Participação nas tomadas de decisão.

Da generalidade das classes de factores susceptíveis de interferir no nível de (in)satisfação, que têm vindo a ser abordadas no âmbito deste trabalho, os relacionados com a participação e a realização de expectativas foram talvez aqueles, no âmbito da minha observação, que se evidenciaram pela negativa de uma forma mais precoce, mais clara e mais contundente. Diria mesmo que esses dois aspectos constituem a face mais visível da insatisfação ao nível dos funcionários dos centros de Segurança Social por mim observados. E foi essencialmente no âmbito do departamento de Acção Social que constatei uma certa interligação ou interdependência entre ambos, enquanto agentes de determinado tipo de insatisfação.

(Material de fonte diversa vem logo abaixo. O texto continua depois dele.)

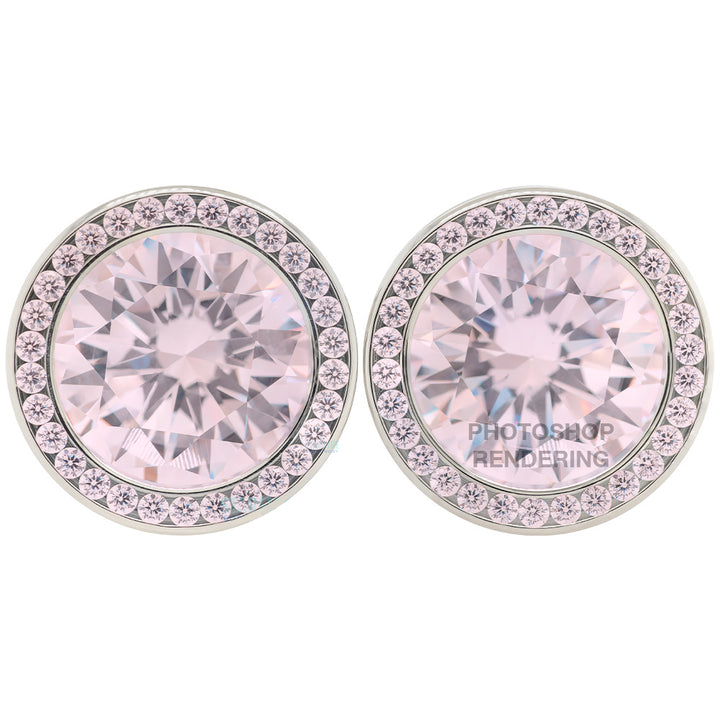 Super Gemmed BIG BLING Plugs ( Eyelets ) with Brilliant-Cut Gems - Pink Tourmaline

Assim, aquelas pessoas que lidam de perto com toda uma panóplia de situações de indigência, marginalidade, precaridade económica, desamparo, etc., com competências ao nível do seu rasteio, intervenção e acompanhamento, deixam de sobremaneira transparecer um acentuado descontentamento pelo facto de «não serem ouvidos». Reconhecem as dificuldades financeiras da Segurança Social, que se repercutem na limitação em proporcionar os adequados meios técnicos e humanos necessários a uma eficaz resposta a estas situações. Consideram, no entanto, que as suas reclamações, sugestões e pareceres, normalmente orientadas no sentido de se modificar determinados aspectos do modus operandi da instituição, bem como de usar os meios disponíveis de uma forma mais funcional - numa palavra, adaptar da melhor forma possível a acção da Segurança Social à realidade concreta com que contactam na sua experiência de trabalho quotidiana - simplesmente não são levados em conta pelas instâncias com competência para tal, numa atitude que consideram autista, autocrática e desinteressada em tirar partido do saber-fazer pragmático, de sobremaneira útil e proveitoso, do qual são detentores.

Dir-se-ia, assim, estarmos perante a nítida presença de resquícios de velhos princípios fayolianos e weberianos, em que o poder de consignar o modo de funcionamento e actuação da organização se encontra concentrado na solução «racional» proposta por quem é «investido» para o efeito: os “escritórios funcionais centralizados do tipo escritórios de métodos” (Bernoux: s/d, 86), sem grande contacto com a realidade vivida no terreno.

Na área dos regimes, a opinião dos funcionários em matéria de participação não era muito divergente, uma vez que toda esta realidade não traduz mais do que aquilo que considero ser uma das facetas da filosofia de gestão e de funcionamento inerente ao próprio sistema de Segurança Social.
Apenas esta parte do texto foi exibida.